Evaluation of the Unit 1 Emergency Diesel Generator (EDG) operation

during the event demonstrated that both diesel generators functioned as

designed.  Due to design differences in autostart circuitry and the

difference in duration of the undervoltage signals on their respective

emergency buses, EDG #1 autostarted and EDG #2 was not required to start.



The root cause of the reduced AFW flow in the "B" injection header was a

thermal gradient across the valve body experienced as relatively cold AFW

was injected into the system through the hot valve.  This allowed the

seat ring to lose its interference fit within the valve body bore and

move into the flow stream, partially blocking AFW flow.



ANALYSIS OF EVENT



Dual Unit Trip



On March 19, 1997, the Vice-President of Nuclear Operations assigned an

Event Review Team (ERT) for each unit.  Team members were assigned from

various departments to collect and review information and thoroughly

investigate this event in accordance with Site procedures.  The Nuclear

Engineering Department (NED), with the support of the Relay Group,

evaluated the cause of the 345 KV system disturbance and performed the

associated root cause analysis.  The following dual unit trip analysis

information was provided by the ERT Report.



Prior to the event on March 19, 1997, BVPS Units 1 and 2 were operating

at 100% nominal power supplying power to the 345 KV electrical grid.  The

outputs of 345 KV buses #3 and #4 were connected to buses #5 and #6,

respectively, which is the normal configuration.  The primary line

protection for the Mansfield Substation that includes the Mansfield-

Hoytdale 345 KV line was out of service due to a communications

difficulty.  The substation's secondary line protection was in service.



At 0606 hours, a phase to ground fault occurred on the Ohio Edison

system, Mansfield-Hoytdale 345 KV line.  The fault was detected by BVPS

switchyard protection equipment which began shedding various loads

through the opening of line breakers.  During the 13.5 cycle time that

the fault was detected, the following eight (8) BVPS switchyard 345 KV

breakers opened:



          PCB-341   PCB-331   PCB-362   PCB-333

          PCB-366   OCB-93    PCB-346   PCB-352



The opening of Unit 1 and 2 output breakers PCB-331, PCB-341, PCB-352 and

PCB-362 resulted in the concurrent unit trips.



The BVPS bus protection scheme consists of differential relays, Static

Breaker Failure Unit (SBFU) relays and Static Relay Unit (SRU) timers.

The SBFU relays and SRU timers are used as part of a backup protection

scheme and are designed to operate on the detection of a stuck (failed)
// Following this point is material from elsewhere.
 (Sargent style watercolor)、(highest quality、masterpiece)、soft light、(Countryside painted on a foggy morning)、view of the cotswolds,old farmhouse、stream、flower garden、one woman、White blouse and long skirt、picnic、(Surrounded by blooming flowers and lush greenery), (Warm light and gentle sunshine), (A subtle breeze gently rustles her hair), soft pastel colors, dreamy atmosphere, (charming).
breaker.  This combination of relays and timers serves as a backup to the

various bus differential relays.  Normally, the bus differential relays

operate for a fault on the affected bus by clearing (opening) breakers

that feed the affected bus.  However, if any of the breakers fail to

trip, the breaker failure scheme with SBFU relays and SRU timers is used.



The breaker failure scheme assumes one breaker that feeds the affected

bus has failed to clear.  If so, it then trips the next breaker(s) in the

circuit in a continuing attempt to isolate the fault from the bus.  The

backup protection scheme operates with a time delay following bus

differential relay initiation.  The SRU timer is automatically reset if

the detected fault is cleared within the established time delay period.

The breaker failure scheme consists of one SBFU relay for each breaker on

the bus and one SRU Bus Backup Timer for the entire bus.  The SRU Bus

Backup Timer has two (2) inputs for each breaker on the bus as sensed

through each individual SBFU relay.  These inputs consist of a

differential relay operation and a breaker overcurrent condition.  If the

SRU timer times out and the fault has not yet been cleared by the

differential relays, then the timer will operate.



TEXT                                                          PAGE 4 OF 8



Operation of the timer will, in turn, trip the next breaker(s) in the

circuit for any of the lines on the bus that are indicating an

overcurrent condition in an attempt to isolate the fault and an apparent

stuck breaker.



Various sequence of events logs were reviewed by the ERT to determine if

unexpected conditions existed prior to, or in response to, the plant

trips at Units 1 and 2.  In addition, the Relay Group performed an

investigation which included the switchyard fault recorder and conducted

equipment tests to determine the reasons for the unanticipated switchyard

breaker and relay actuations.



The investigation identified a wiring discrepancy with the current

interlock of the #3-345 KV Bus Backup Timer.  This discrepancy involved

the incorrect wiring between the Unit 2 SBFU current interlock relay

(504140) (FK/50/A500) for PCB-352 and its associated SRU timer (624143).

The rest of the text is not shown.